Towards a robust real time 3D reconstruction system for dynamic objects in static scenes

Kurzfassung

The surveillance of maritime infrastructures is an important part of maritime security. Especially harbours are highly active traffic zones with many different agents and infrastructures present. Surveillance of such areas therefore requires skilled operators, making fast security-related decisions. Situational awareness of these operators can be improved through the use of 3d reconstruction. It can be used as a tool to compress scene information and provide operators with more spatial and semantic detail about agents requiring less context switching. 3d reconstruction of static scenes has been an active area of research for several decades.
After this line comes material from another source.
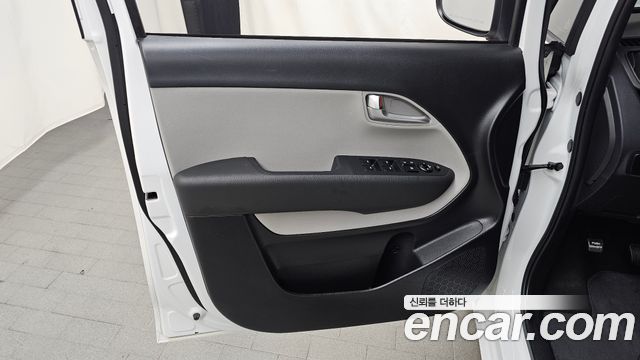 Kia RAY 2023 — photo 14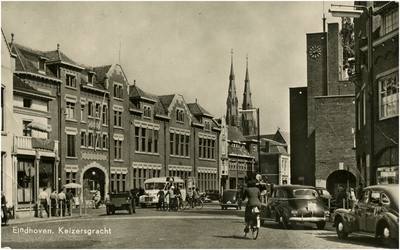 28515 Keizersgracht, met links hoofdpostkantoor en rechts drukkerij Hermes, 1953 - 1954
Research on dynamic 3d reconstruction is still novel and mostly focused on autonomous navigation where a moving observer is present. In the context of surveillance, where the observer is static and scenes are dynamic, this work can not be readily applied. Furthermore, surveillance of maritime infrastructures often requires remote surveillance locations to cover large outdoor areas from an elevated point-of-view. To reduce system complexity and network bandwidth, 3d reconstruction can be performed using edge computing. However, research on dynamic 3d reconstruction for embedded systems is sparse. This work presents a prototype system that performs dynamic 3d reconstruction of dynamic agents in static scenes using an end-to-end parallel embedded architecture. The system is designed as a modular pipeline with different stages. First, static and dynamic image parts are segmented resulting in image masks for moving targets. Then, depth estimation is performed for the masked, dynamic targets. By removing the static image parts, traditional visual odometry techniques can be used to estimate target motion. This is due to the fact that the inverse ego-motion of the dynamic object can also be used to describe virtual camera around the object. Moving the virtual camera instead of assuming object motion, allows treating dynamic objects as static. Given these assumptions, the resulting color, depth and motion data can now be fused into a volumetric representation using truncated signed distance functions. The resulting reconstructed data can be sent over a network to perform real time rendering on client-side. Using real time 3d reconstructed data can improve situational awareness by aiding scene understanding and simplifying the decision-making context in complex maritime scenarios.